Task statement: Leave every picture out and return the rest of the listing verbatim.

Collected material:
━━━━━━━━━━━━━━━━
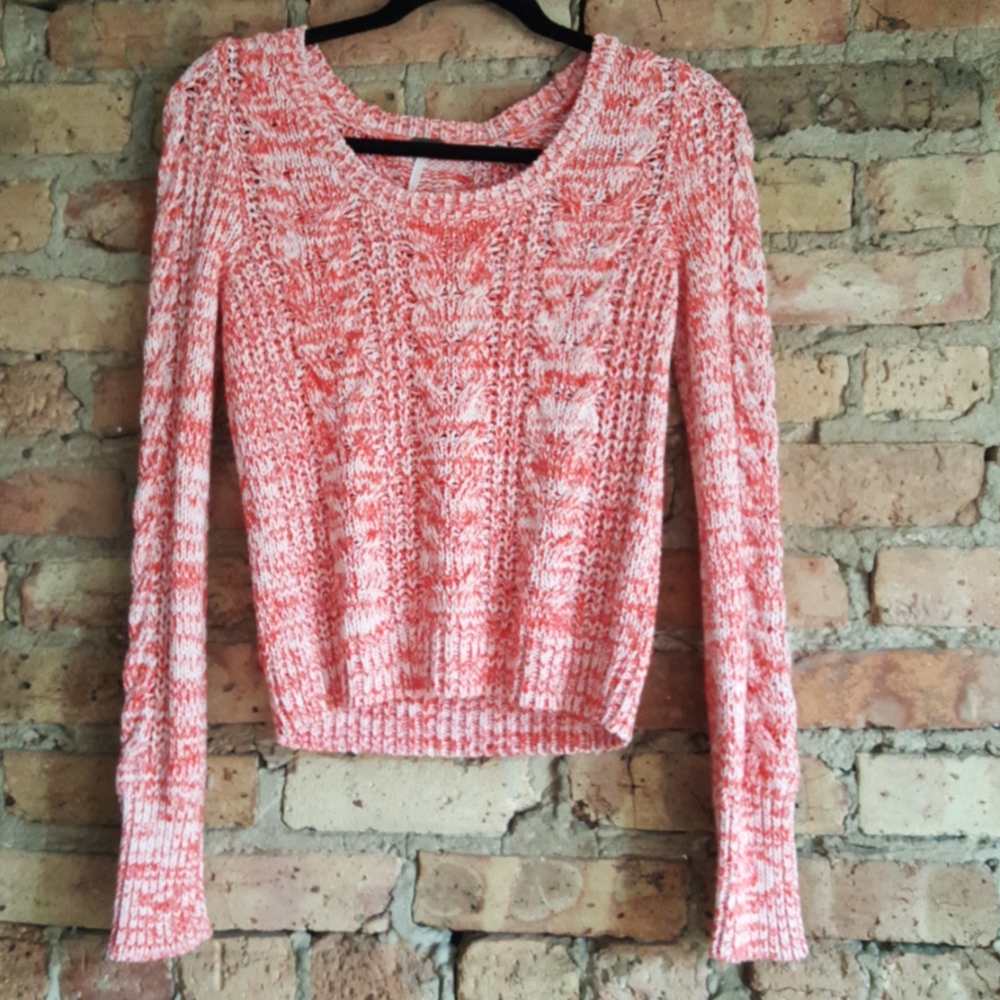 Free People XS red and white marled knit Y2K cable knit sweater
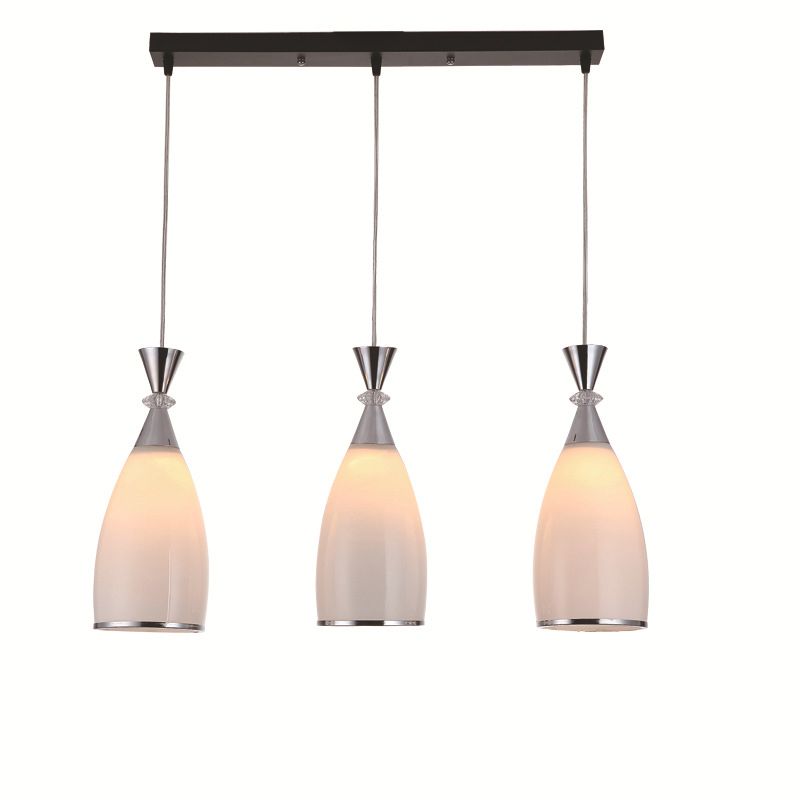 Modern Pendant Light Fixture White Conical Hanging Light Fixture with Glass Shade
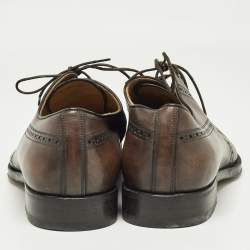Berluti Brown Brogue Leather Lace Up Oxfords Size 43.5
━━━━━━━━━━━━━━━━
Expected answer:
 Free People XS red and white marled knit Y2K cable knit sweater
 Modern Pendant Light Fixture White Conical Hanging Light Fixture with Glass Shade
Berluti Brown Brogue Leather Lace Up Oxfords Size 43.5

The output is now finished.